***** Records for this task *****

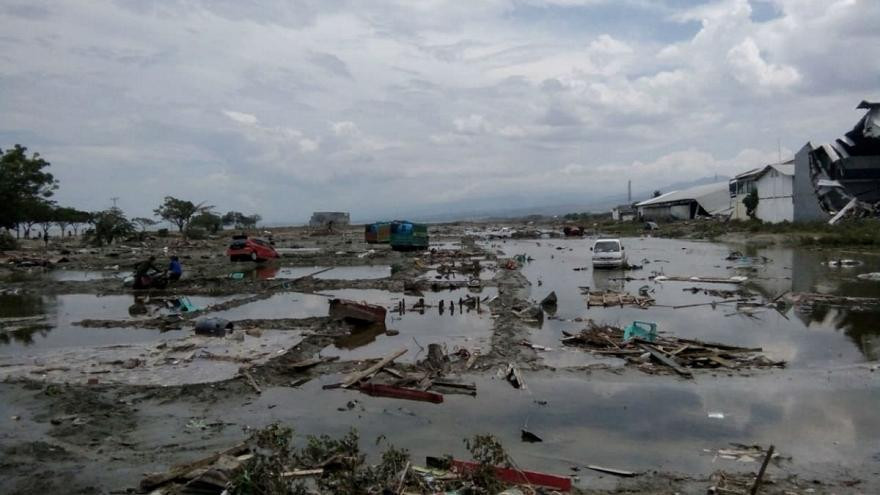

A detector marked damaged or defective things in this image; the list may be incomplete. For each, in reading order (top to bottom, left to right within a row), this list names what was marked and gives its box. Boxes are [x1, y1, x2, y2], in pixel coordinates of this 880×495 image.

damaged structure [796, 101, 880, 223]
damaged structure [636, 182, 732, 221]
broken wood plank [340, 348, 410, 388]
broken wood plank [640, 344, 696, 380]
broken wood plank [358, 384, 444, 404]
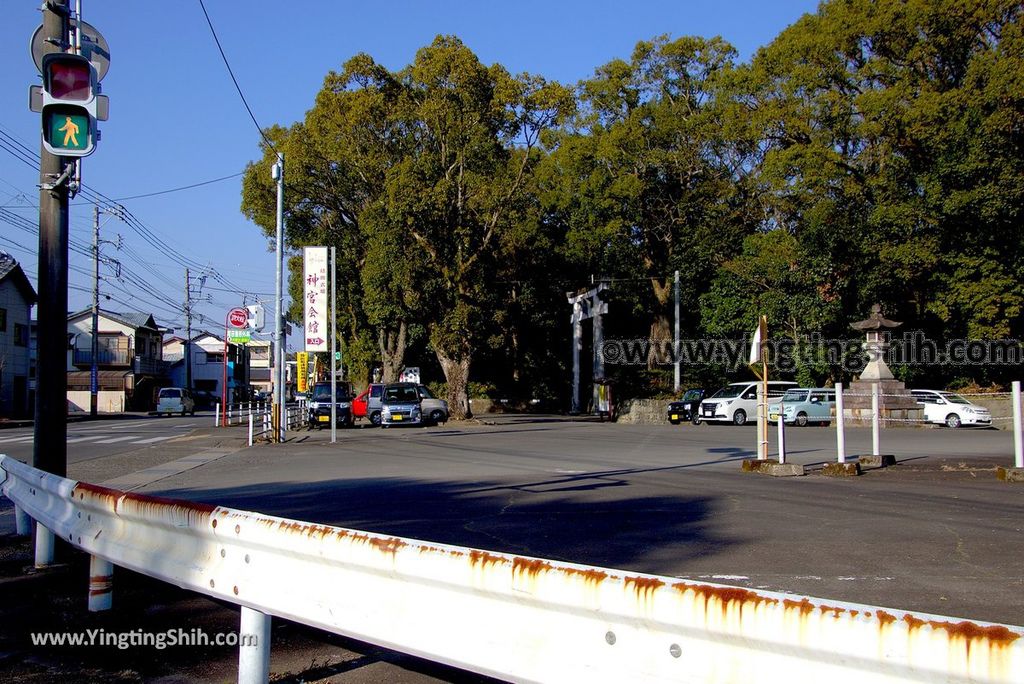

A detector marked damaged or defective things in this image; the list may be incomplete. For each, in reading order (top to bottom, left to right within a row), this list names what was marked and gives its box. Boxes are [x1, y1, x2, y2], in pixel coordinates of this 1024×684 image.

*****

- **To do**: An exact repetition of all the records above is required, excluding the pictures.

- **Answer**:
A detector marked damaged or defective things in this image; the list may be incomplete. For each, in reading order (top to bottom, left to right within a row), this list names what was marked and gives its box. Boxes are [x1, y1, x2, y2], in pixel coordinates of this 880×495 image.

damaged structure [796, 101, 880, 223]
damaged structure [636, 182, 732, 221]
broken wood plank [340, 348, 410, 388]
broken wood plank [640, 344, 696, 380]
broken wood plank [358, 384, 444, 404]

A detector marked damaged or defective things in this image; the list may be incomplete. For each, in reading order (top to bottom, left to right within a row), this list names what was marked and gives its box. Boxes are [x1, y1, x2, y2], in pixel coordinates of this 1024×684 image.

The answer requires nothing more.